Se ele não conhece o mínimo indispensável respeito ao aço, como vai conhecer a tecnica para fabricação de torres com montantes tubulares que precisa de alinhamento em matriz longitudinal???? E como vai saber respeito a solda em tubos que produz o indesejado envergamento, etc?

Todos os tubos vendidos no mercado são produzidos a partir de laminas de aço fabricados por grandes siderúrgicas nacionais e possuem Certificação de Origem com especificação de composição química e resistência mecânica. Por esse motivo pedimos as certificações!!!! Para isso existem as normas!!!!

Se a galvanização for realizada por imersão (Hot grip) seguindo a normas NBR, com espessura entre 70 a 100micras posso garantir terá torre para mais de 20 anos sem corrosão. Hoje as grandes indústrias de galvanização tem todo seu processo certificados e o custo é bem acessível.

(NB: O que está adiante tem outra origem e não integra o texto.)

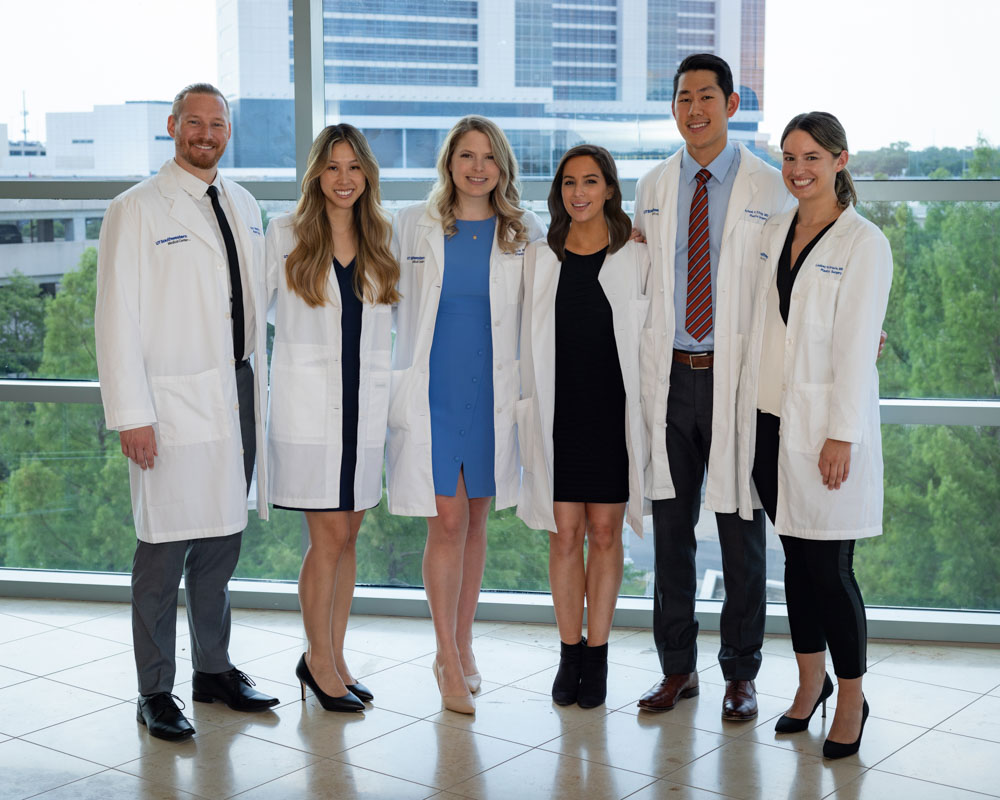 To men and 4 women wearing lab coats over dress clothes, standing in front of a large window with a view of a high-rise building.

Existem no Brasil milhares de torres com montantes tubulares erguidas ha mais de 20 anos que se para telefonia celular e estão em perfeita condições. Sabem quem plantou essas torres ? As companhias como Telecom Italia, Telefonica Portugal, Telefonica España, France Telecom, etc, todas europeias, especificadas por engenheiros europeus!!! Ai se produz o click nos engenheiros brasileiros que existiam outro tipos de estruturas para telecom alem das vetustas da Telebras!!!

Não é verdade quando disse que em Europa não se utilizam torres tubulares. Em Inglaterra, berço das estruturas metálicas (sim de lá saiu todo o referente a calculo estrutural ), existem varias fabricas que tem entre seus produtos torres com montantes tubulares.
Segue uma amostra http://www.fli.co.uk/masts-tower-pro...s/guyed-masts/

Só quem não tem estrito conhecimento do tema que pode achar que uma torre com montante tubular não é segura!!!!!.Todos os brinquedos em grandes parques de diversões são feitos com estrutura tubular!!!!!Porque será?????

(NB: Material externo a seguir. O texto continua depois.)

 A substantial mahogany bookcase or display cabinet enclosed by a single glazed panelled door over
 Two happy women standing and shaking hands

A grande diferença entre as torres com montantes em perfis 90º ou cantoneiras, se da basicamente pela utilização que vai ser dada a cada uma delas. 

O perfil 90º é próprio para torres com seção quadrada, que de fato são muito menos eficientes que uma torre seção triangular, acontece que ela tem muito bom desempenho quando se trata de torção respeito seu eixo, e essa virtude foi muito bem aproveitada quando as comunicações precisavam de grandes diâmetros de antenas parabólicas nos enlaces ponto a ponto (justificativa para as praticas da Telebras , que vem da década dos 70!!!). Como se tratavam de grandes estruturas, muitas sem galvanização resultando mais conveniente utilizar cantoneiras para fabricação devido a facilidade de usinagem (só precisa de uma serra, furadeira de bancada/coluna e amoladora de mão) manutenção.

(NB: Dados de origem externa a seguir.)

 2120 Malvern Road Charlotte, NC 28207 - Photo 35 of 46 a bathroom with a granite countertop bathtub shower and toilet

Um outro fator muito importante é que para fabricar torres com montantes tubulares, emendadas com flanges, precisa de uma matriz ou gabarito que posicione os montantes perfeitamente com a angulação desejada, prensa hidráulica de mais de 60 Ton e solda MIG alta Potencia, e isso pouquíssimos “Fabricantes” possuem, sendo que uma torre em cantoneiras pode ser feita ate por serralheiros sem problema algum .É como fabricar as Flanges??? É a furação axial??? 

Para sua informação para uma mesma carga de antenas e mesma Velocidade Básica de vento , uma torre em cantoneiras resulta em ate 40% mais pesada que uma tubular, e isso significa mais $$$$$$.

Fabrico torres em cantoneiras e tubulares , e posso afirmar com absoluta convicção , que para os colegas provedores de Internet, não há justifica para uma torre em cantoneiras nem pela carga de antenas , nem pela mencionada “segurança”.

----------


## JonasMT

Tenho torre de tubo estaiada de 40mts feitas pela empresa do emilidani até agora perfeitas.

Só a auto portante que eu acho que nao aguenta a carca especificada "vento" que seria de 0,90cm com uma simples nanobeam qualquer ventinho ela balança.

----------


## TreiscBr

Emilidani. 

Excelente Vossa explanação.

Realmente, eu me referenciei aos que fabricam torres sem base de conhecimento, porém a ordem de investimento justifica no aperfeiçoamento na hora da compra do material.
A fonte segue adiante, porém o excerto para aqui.